Hello everyone, I am new to bioinformatics, and i am trying to retrieve a .fasta file of a gene located in human chr6 from a neandertal published sequence. The type of file with the one i begin with is a file.bam type of the single chr6 sequencing of an organism.
I have searched and realized that a useful tool for doing this is samtools, which i have already succesfully installed. I tried to view the file with the next syntax:
samtools view filename.bam chr6:posxx-posxx+1
I got an error, saying i should index it, so i proceeded to do so, with the needed sort command previous to the indexing, writting syntax as follows:
samtools sort filename.bam -o file.sorted
samtools index filename.sorted
after sorting i got a single file with the .sorted extention, which i followed to apply the index command, task which gave me a filename.sorted.bai file, plus two other tmp.xxxx.bam files, with the filename.sorted.bai file supposed to be indexed already, since was the result of my last command.

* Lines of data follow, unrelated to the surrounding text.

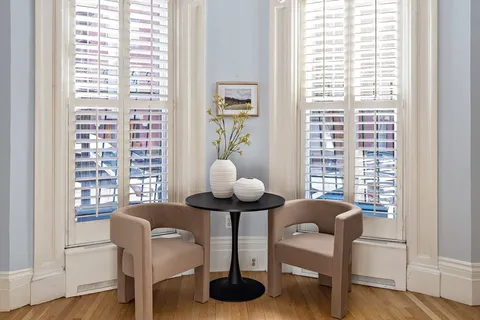 $989,000 | 501 Shawmut Avenue, Unit 2, Boston, MA 02118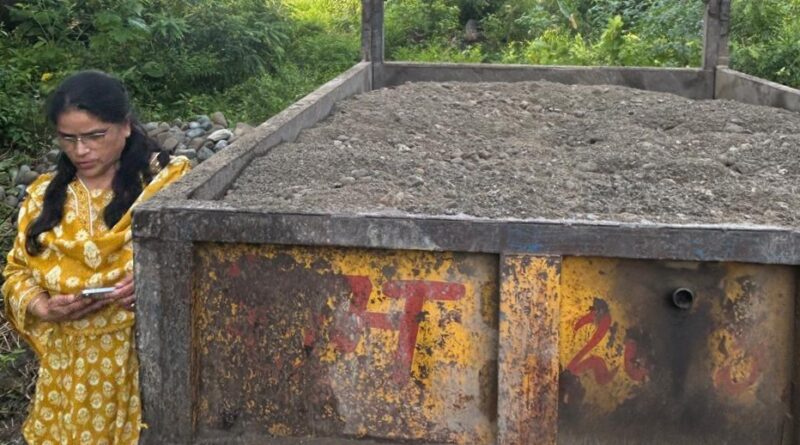 खोह नदी में खनन सामग्री से भरी ट्रैक्टर-ट्रॉली सीज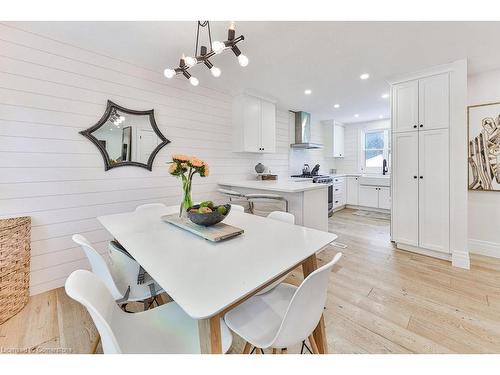 319 Townsend Avenue, Burlington, ON - Indoor Photo Showing Dining Room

after this, i am trying to view the desired genic region in order to know if it's present in the sequencing data, before proceeding to apply mpileup to the files. and retrieving my desired .fasta file from the sequence.
According to the first error message i got, an indexed file should be viewable through the view command, so i proceed with the following command:
samtools view filename.sorted.bai chr6:xx-xx+1
and it gives me the following error:
[E: :hts:hopen] Failed to open file filename.sorted.bai
[E: :hts_open_format] Failed to open file filename.sorted.bai
samtools view: failed to open "filename.sorted.bai", for reading: Exec format error
i try applying the same syntax to other files, say the temporal files, and it retrieves the next error:
[main_samview] random alignment retrieval only works for indexed BAM or CRAM files
... I have gone back to sort and index the same original filename.bam file, but asking for an output in a .bam format at the end rather than the .bai which is supposed to be the default output format when indexing. Nothing has worked.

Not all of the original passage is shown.